Book Review: God’s Battalions – Chapter 8: The Crusader Kingdoms
March 20, 2011
This is part of a multi-part review of God’s Battalions by Rodney Stark. The summary is here. You can use the table of contents found there.
The Christian forces had retaken Jerusalem, Antioch and several other cities. When they had set out on the mission, the plan was for these lands to become part of Byzantium again. However, the behavior of Emperor Alexius had shown them that he was a traitor who could not but trusted with the lands and who would turn the lands back over to the Muslims if the ransom was right. And so the crusaders decided to stay behind and maintain control of the lands.
Stark makes the point that this period cannot be described as colonialism by any modern definition. The crusaders did not force the eastern society into unfair economic arrangements. Neither did they enrich themselves at the expense of the existing society. Stark says that the term settler is more appropriate. The rule was not marked by oppression of Muslims.
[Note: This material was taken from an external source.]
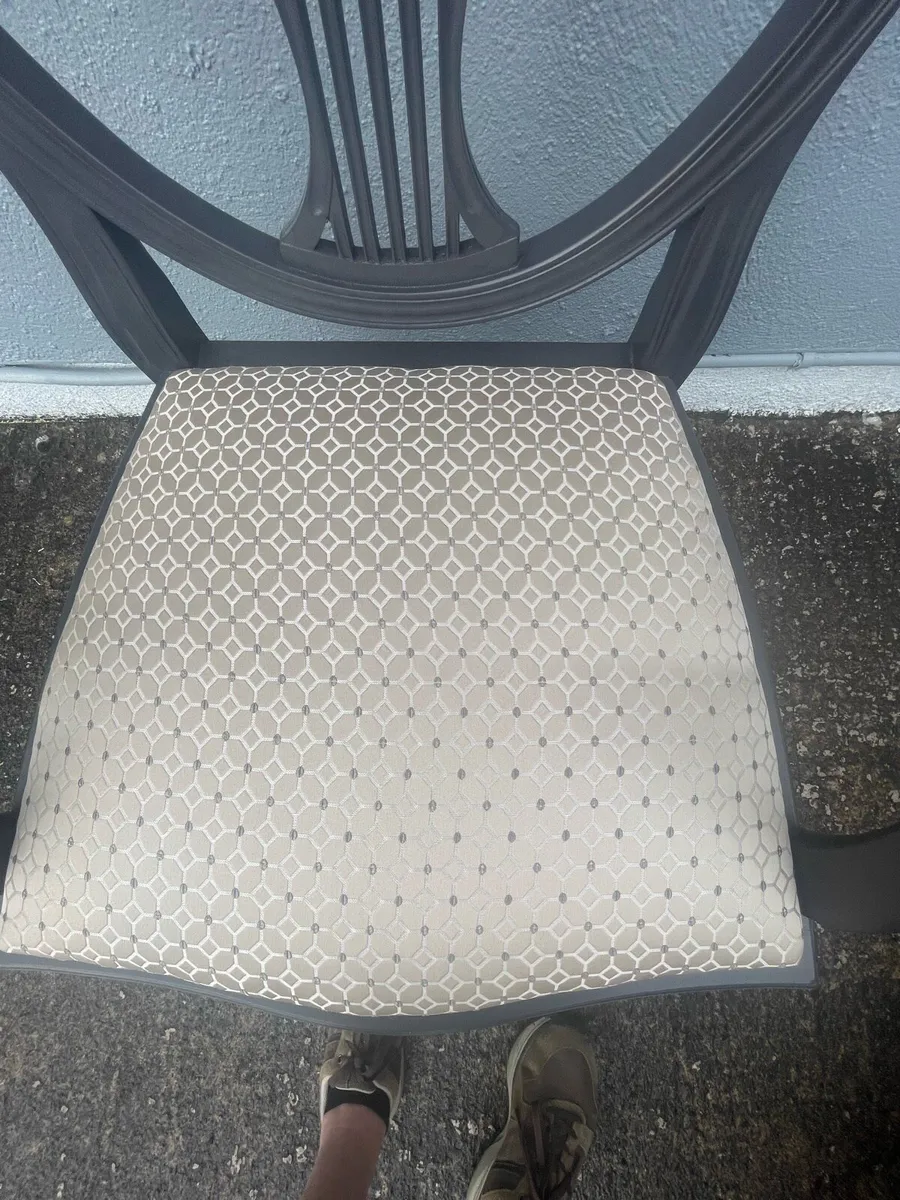 Chairs - Image 4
There was no organized effort to force conversions. In fact, there was remarkable tolerance for Muslims and the taxes on Muslims were lower than what would be found in neighboring Muslim states. Justice was administered fairly.
In short, the Crusader Kingdoms were not what they have been characterized to be in much of popular thought. They certainly were not perfect but they do not stand out as unfair or unjust societies given the context of the day.